■ TASK PROMPT
Print, with no pictures, the exact lines that run from the one containing "Cash flower w baby breath 03" through the last line of the material below, both ends included.
===== MATERIAL FOR THIS TASK
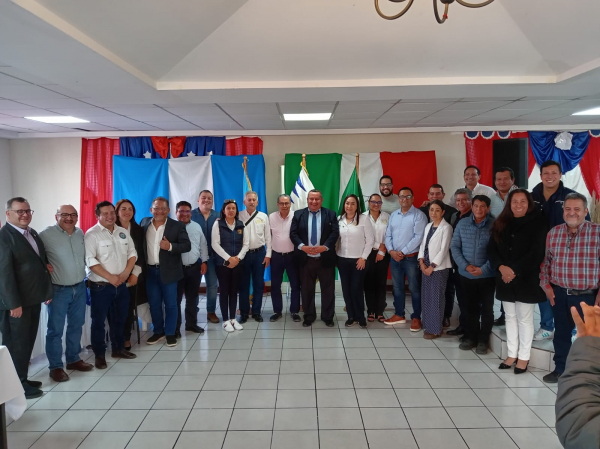 Colaboración entre UNACH y el CUSAM-USAC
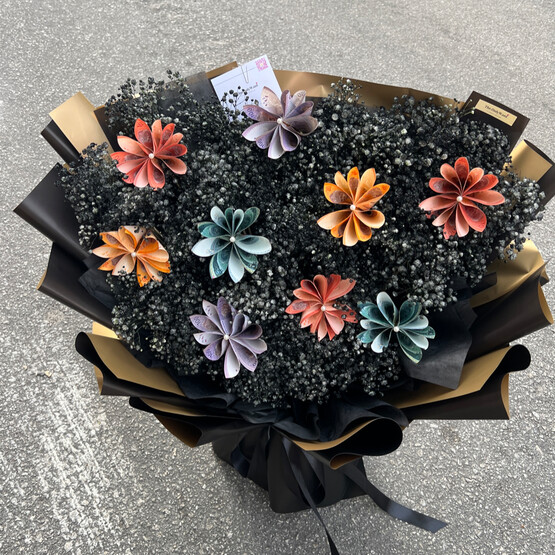 Cash flower w baby breath 03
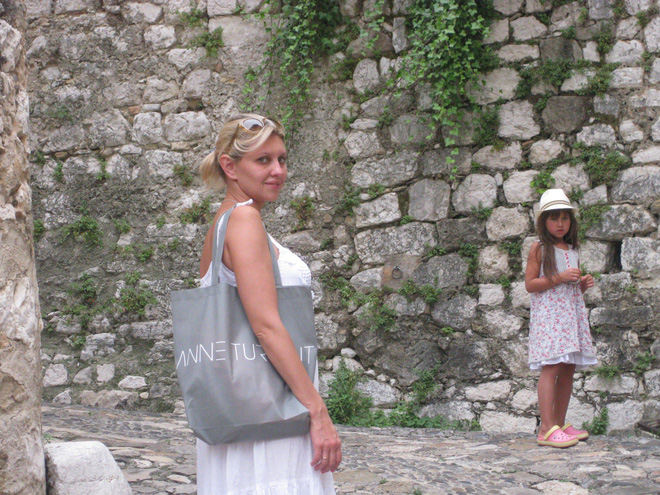 Vợ danh hài vừa đắc cử Tổng thống Ukraine xinh đẹp và giàu có cỡ nào?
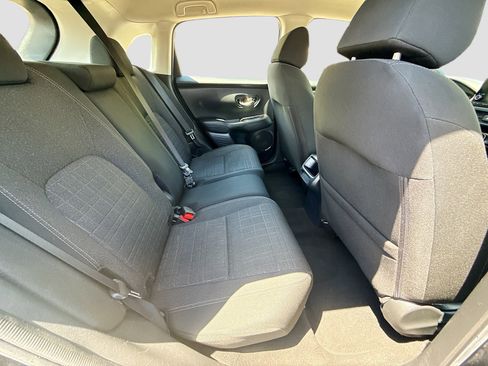 Used 2024 Honda HR-V LX image 27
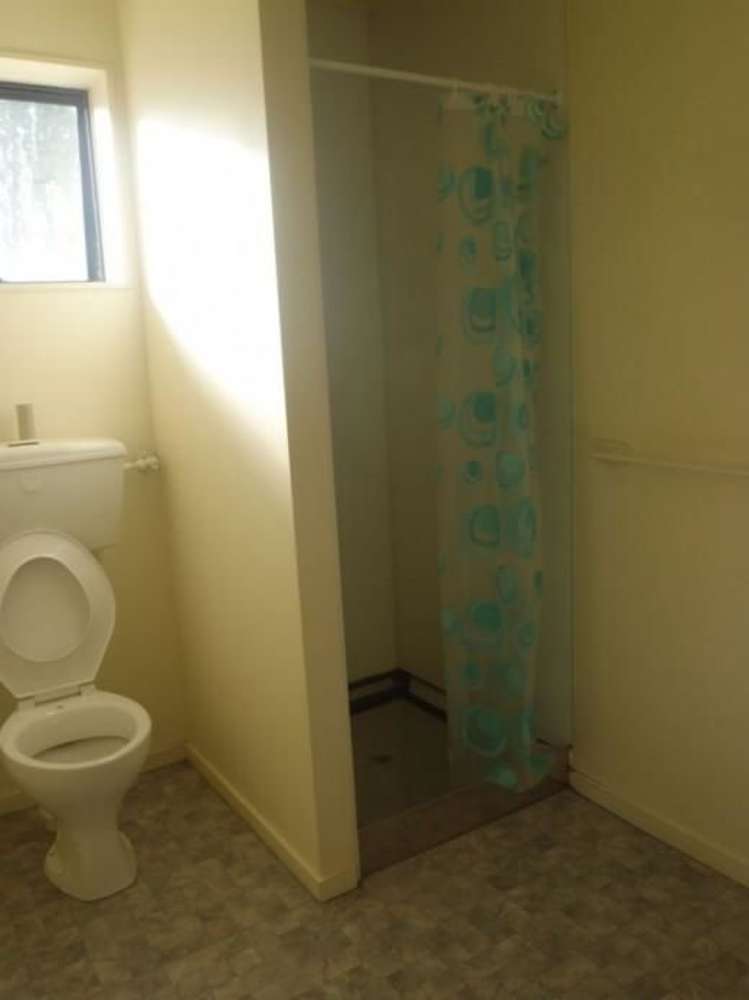 18b Watts Road Fernhill/Sunshine Bay_6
==========
■ OUTPUT FOR THIS EXERCISE
 Cash flower w baby breath 03
 Vợ danh hài vừa đắc cử Tổng thống Ukraine xinh đẹp và giàu có cỡ nào?
 Used 2024 Honda HR-V LX image 27
 18b Watts Road Fernhill/Sunshine Bay_6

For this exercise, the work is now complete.